▶ **WHAT YOU ARE ASKED TO DO**: If an entry below holds a picture, skip the picture and copy everything else exactly.

▶ **THE DATA**:
○ ○ ○ ○
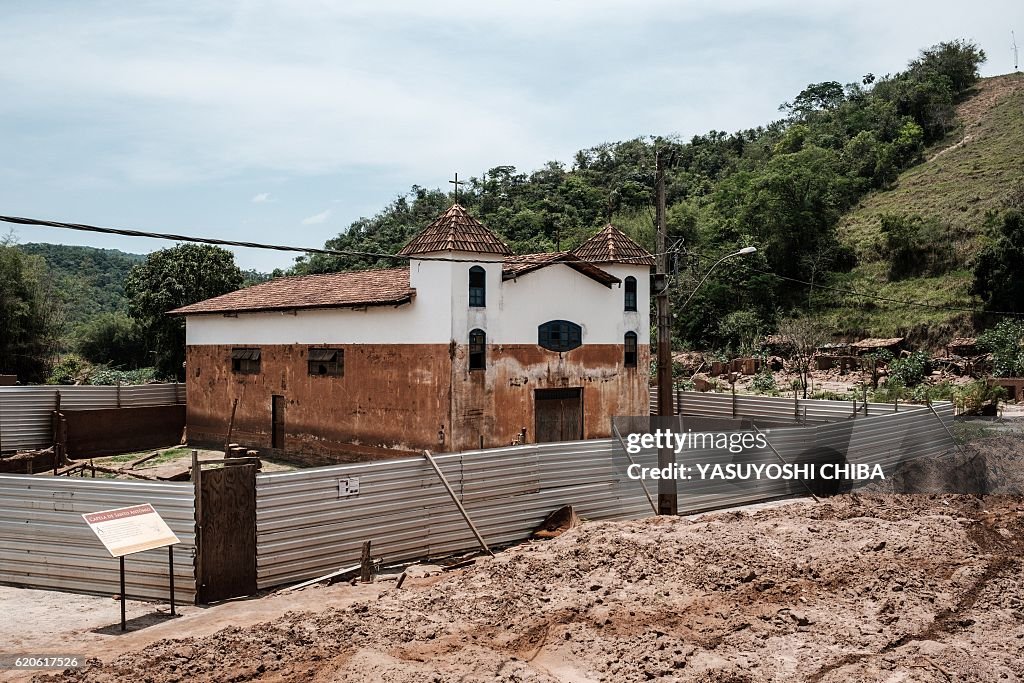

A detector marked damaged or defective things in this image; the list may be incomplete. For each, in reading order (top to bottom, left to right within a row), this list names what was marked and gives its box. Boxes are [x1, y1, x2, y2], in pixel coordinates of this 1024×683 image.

damaged building [171, 203, 652, 460]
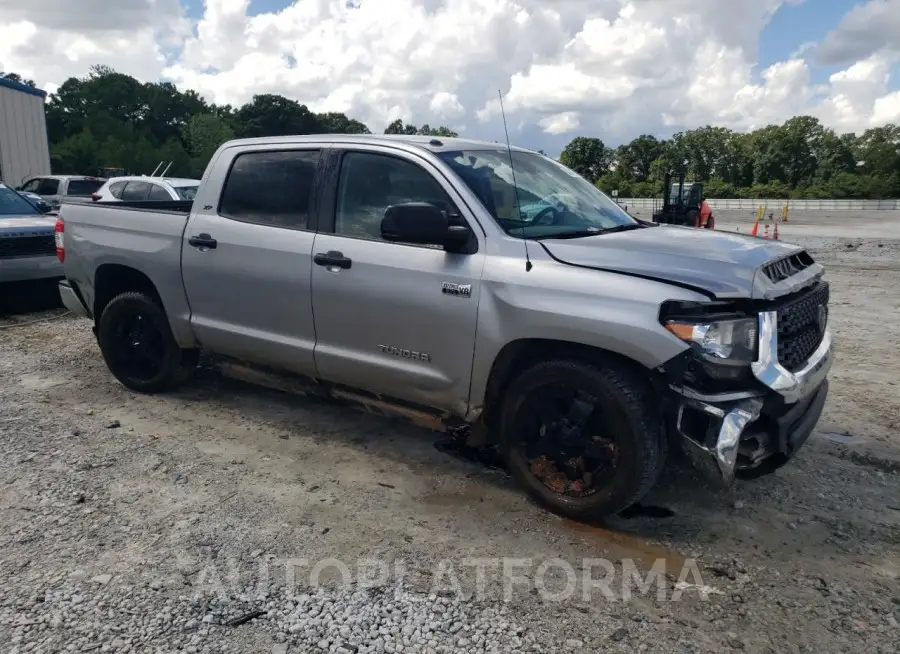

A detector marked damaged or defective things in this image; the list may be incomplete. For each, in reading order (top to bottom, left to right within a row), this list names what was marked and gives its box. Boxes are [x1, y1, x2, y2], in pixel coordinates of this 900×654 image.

cracked headlight [664, 318, 756, 364]
damaged front bumper [672, 312, 832, 486]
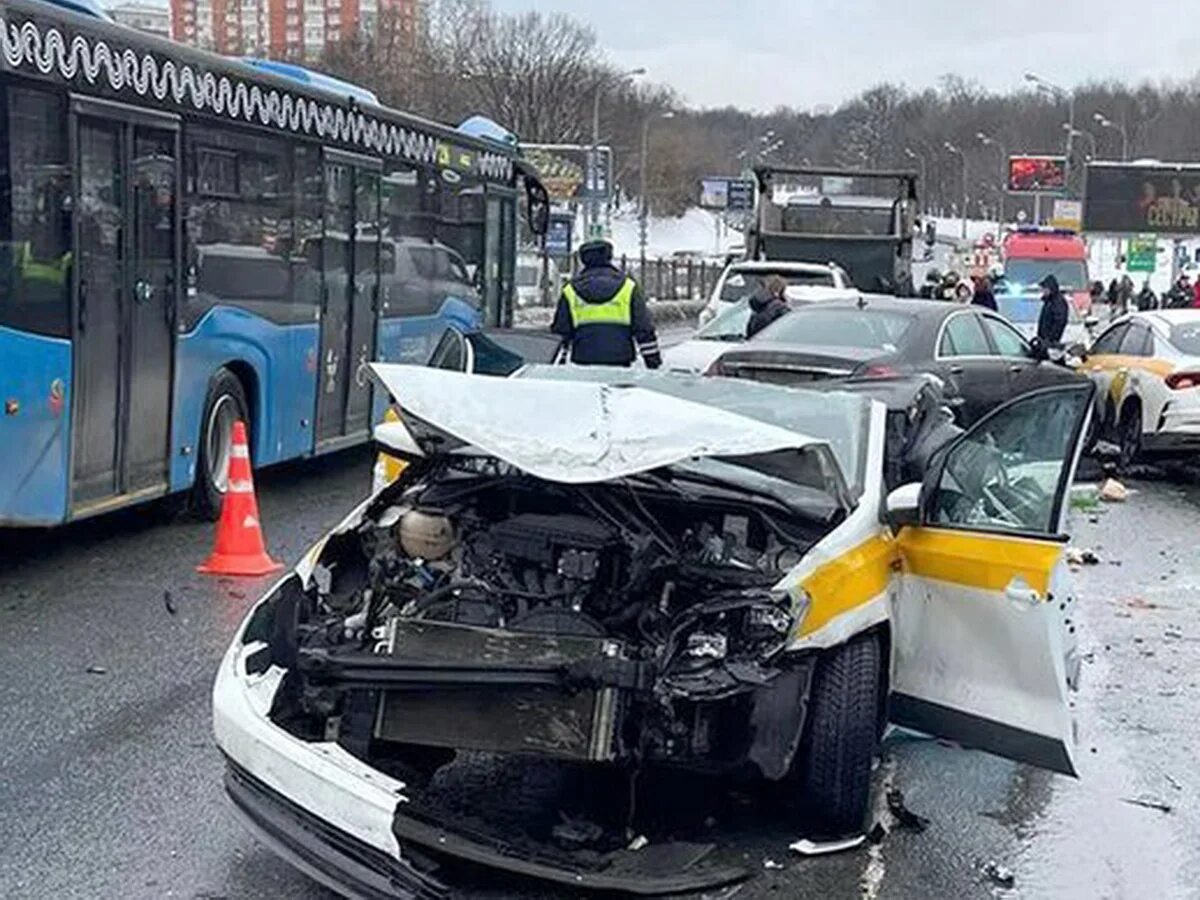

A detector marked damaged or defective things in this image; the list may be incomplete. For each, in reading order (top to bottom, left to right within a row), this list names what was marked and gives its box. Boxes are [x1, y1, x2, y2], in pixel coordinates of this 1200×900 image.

crumpled car hood [369, 364, 830, 487]
crushed car roof [369, 362, 859, 487]
wrecked white taxi [213, 367, 1099, 900]
damaged front bumper [216, 609, 748, 897]
broken plastic piece [787, 835, 864, 854]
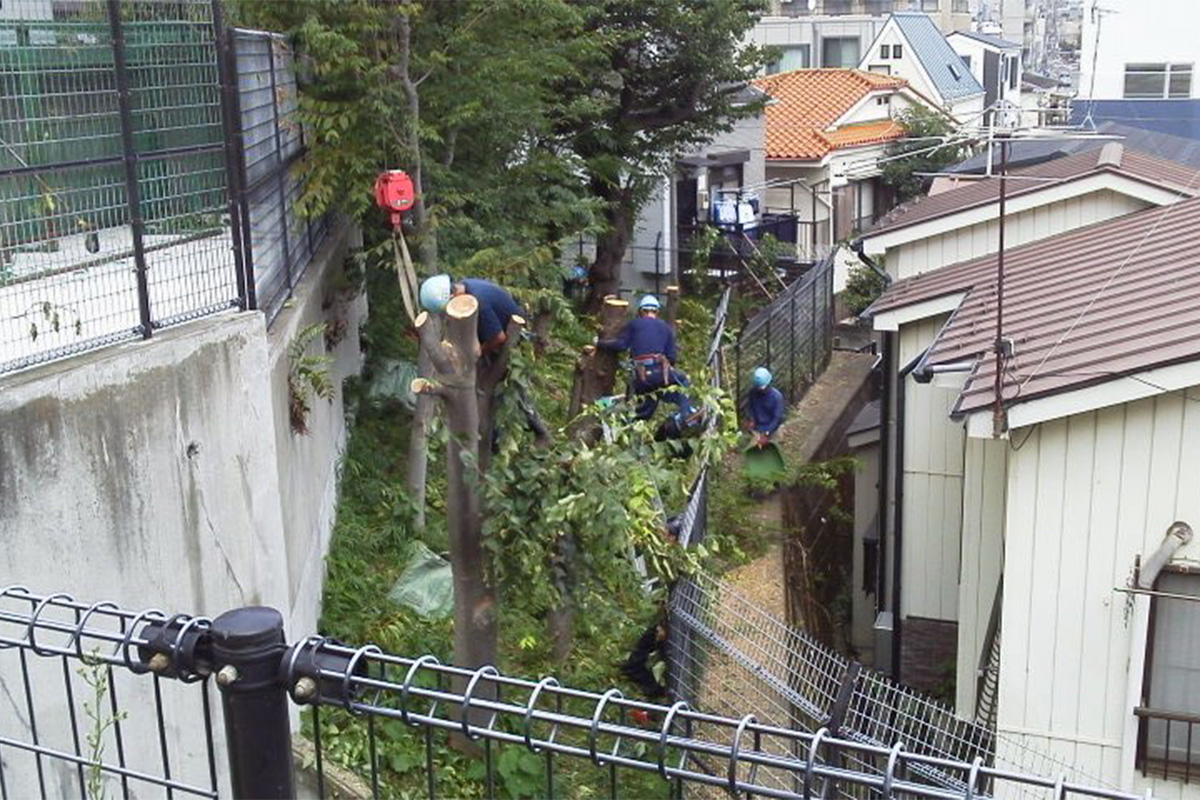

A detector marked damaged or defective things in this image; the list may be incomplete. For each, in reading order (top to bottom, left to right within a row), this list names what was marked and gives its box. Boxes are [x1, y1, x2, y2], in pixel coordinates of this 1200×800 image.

cracked concrete wall [1, 221, 364, 796]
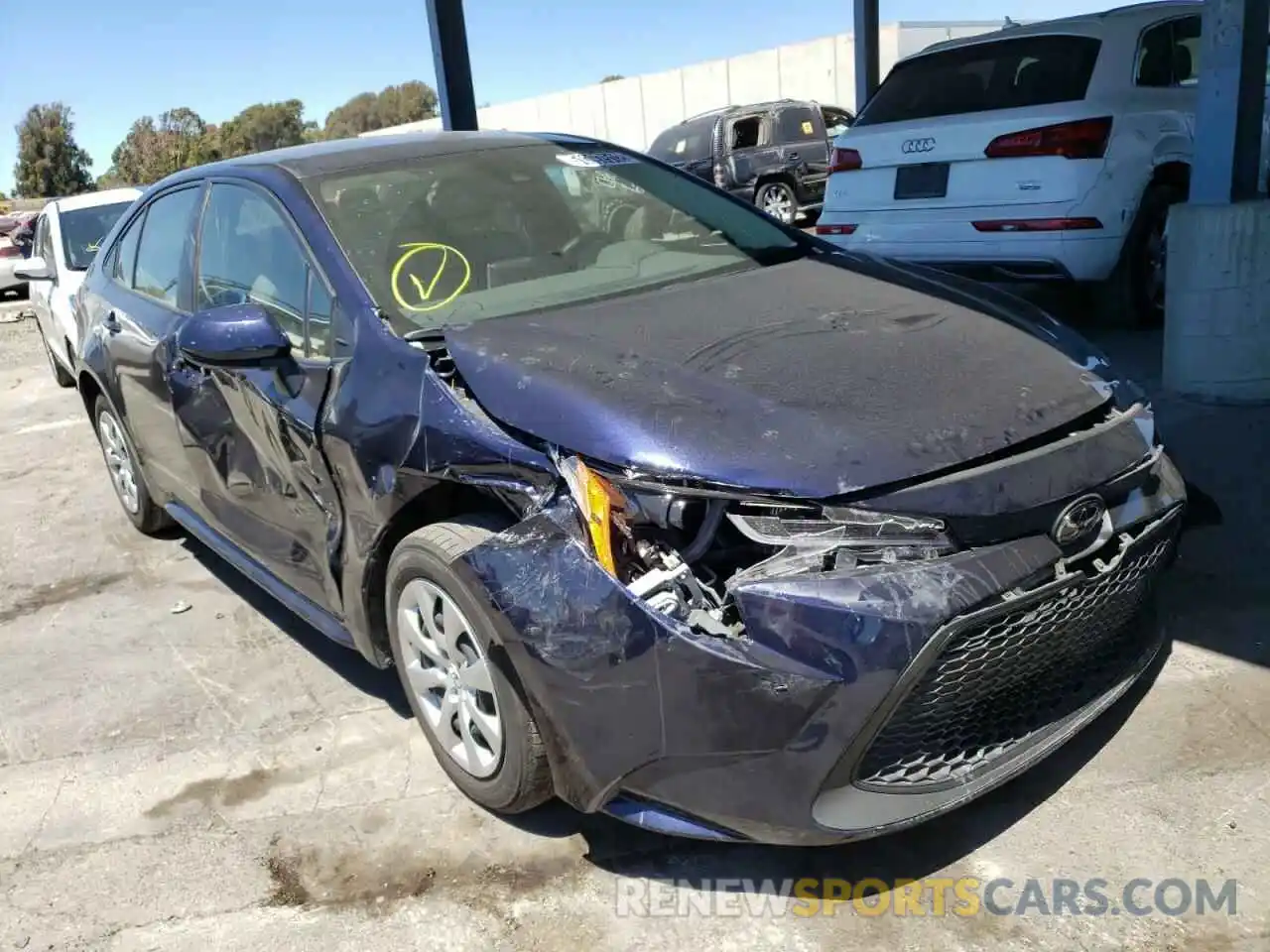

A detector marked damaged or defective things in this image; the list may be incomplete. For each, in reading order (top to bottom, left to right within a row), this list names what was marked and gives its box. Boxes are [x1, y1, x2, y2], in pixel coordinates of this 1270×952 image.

damaged blue sedan [74, 130, 1191, 845]
dented hood [444, 258, 1111, 498]
cracked bumper [458, 450, 1191, 845]
shattered headlight [722, 506, 952, 559]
○ ○ ○ ○
▶ **COMPLETED TASK**:
A detector marked damaged or defective things in this image; the list may be incomplete. For each, in reading order (top to bottom, left to right within a row), this list names what was marked and gives its box. Boxes are [x1, y1, x2, y2], in pixel coordinates of this 1024×683 image.

damaged building [171, 203, 652, 460]

A detector marked damaged or defective things in this image; the list may be incomplete. For each, in reading order (top to bottom, left to right within a row), this list names what was marked and gives its box. Boxes are [x1, y1, x2, y2], in pixel coordinates of this 900×654 image.

cracked headlight [664, 318, 756, 364]
damaged front bumper [672, 312, 832, 486]

A detector marked damaged or defective things in this image; the list may be incomplete. For each, in reading order (top to bottom, left to right within a row), this list names what was marked and gives its box. Boxes are [x1, y1, x2, y2], in pixel coordinates of this 1200×900 image.

crumpled car hood [369, 364, 830, 487]
crushed car roof [369, 362, 859, 487]
wrecked white taxi [213, 367, 1099, 900]
damaged front bumper [216, 609, 748, 897]
broken plastic piece [787, 835, 864, 854]

A detector marked damaged or defective things in this image; the list may be incomplete. For each, in reading order (top to bottom, left to right within a row), this list names what was marked and gives its box. Boxes are [x1, y1, x2, y2], in pixel coordinates of this 1200×800 image.

cracked concrete wall [1, 221, 364, 796]

A detector marked damaged or defective things in this image; the list may be incomplete. For each, in reading order (top to bottom, left to right within a row), this list names what was marked and gives its box. Boxes are [x1, y1, x2, y2], in pixel coordinates of this 1270×952 image.

damaged blue sedan [74, 130, 1191, 845]
dented hood [444, 258, 1111, 498]
cracked bumper [458, 450, 1191, 845]
shattered headlight [722, 506, 952, 559]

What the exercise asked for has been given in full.